# Paintin' the Old House....



## V-Bottom (Jun 16, 2007)

Always used a good ole' brush or roller in my day. Now w/ spray guns galore, some air, some electric, and I'm too old and lazy to do my own house.........well, not that lazy. The physical challange is what henders me, and the heat these days. I still work, 62 1/2 y/o, and hope I reach 65 and lay it all down.
I had some one I thought was coming over to bid on painting this ole' house, but didn't have the gas $$ to get here. I waited 4 hours for him to show up after I got off work at 2pm. Only to see an email (PM) he couldn't get here because of that. No phone calls!!! I may have to do this work myself!! I thought about the elect. paint sprayers etc. Have U ever used one? If so, I need some info on them and maybe which one would get the job done ... Remember, I am NO painter. I don't want to pay an arm and a leg for one either!!
I live in the Hitchcock area, near Delaney Rd. The wife decided to do a 3 tone color scheme. Do U paint well? Need an extra job? Make us an offer to do the job.Some flashing needs replaced, minimal woodwork too. Drive out and check it out. I may or may not be here, but someone usually is. email me [email protected] or PM for more details (ed)


----------



## Big Willy (Jun 20, 2007)

*Doable*

I would say go for it if you have the time. I painted my entire house, including white trim and white soffits with a airless Wagner paint sprayer in a couple of days. Assuming that you don't own a huge home or a two story, 2 coats with a good sprayer should take you now more than 4-5 hours but you will need to start early and work in the morning hours.

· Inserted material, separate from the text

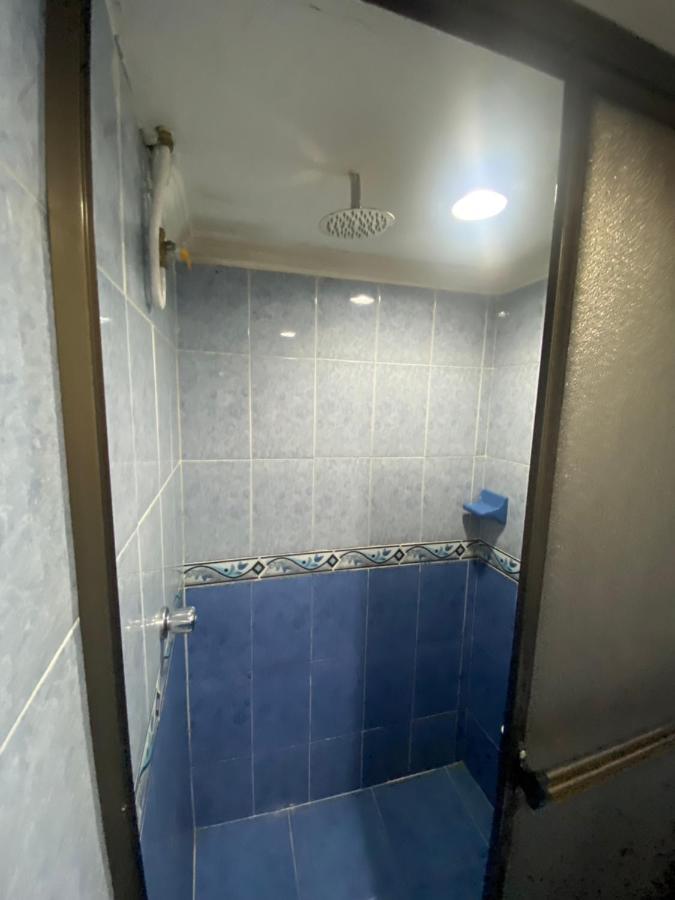 Hostel Kumho Home 麦德林 外观 照片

I pressure washed the siding the day before I started and taped off all windows with plastic and masking tape. Then I painted the entire house with my first base coat. Don't worry about not getting the base coat on the trim since you will probably roll that later unless you can come up with a better solution. I started on the east side of my house in the morning and worked my way around the house. By the time I had gotten around to the east side again it was dry and ready for a second coat.

After the base coat was down, I painted the trim with a roller. Two coats on the trim and it was done. Next came the hardest part: soffits!

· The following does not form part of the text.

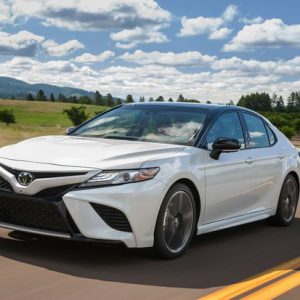 Cho thuê xe đường dài 4 chỗ Toyota Camry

Use a spray shield to keep the soffit paint of the siding. I purchased an aluminum one from Homedepot that looks like this:









And it worked great. I used my shop broom handle as an extension handle for the spray shield and just went to work. This is the hardest part of the job and I would recommend getting someone to hold the shield while you spray the soffits. My arms got really, really tired after a few hours of painting soffits. I painted my soffits in the early morning and late afternoon to avoid as much of the heat as possible.

You will want to paint on days when there is not a lot of wind and no chance of rain. And I would say a good used paint sprayer off craigslist would run you around $200 or a little less. You definitely do not want to skimp on the sprayer since that can either make your job a joy or a real pain. Ask around and you might be surprised who has a sprayer that you know. I borrowed one from a guy from church but I knew three other people that had sprayers.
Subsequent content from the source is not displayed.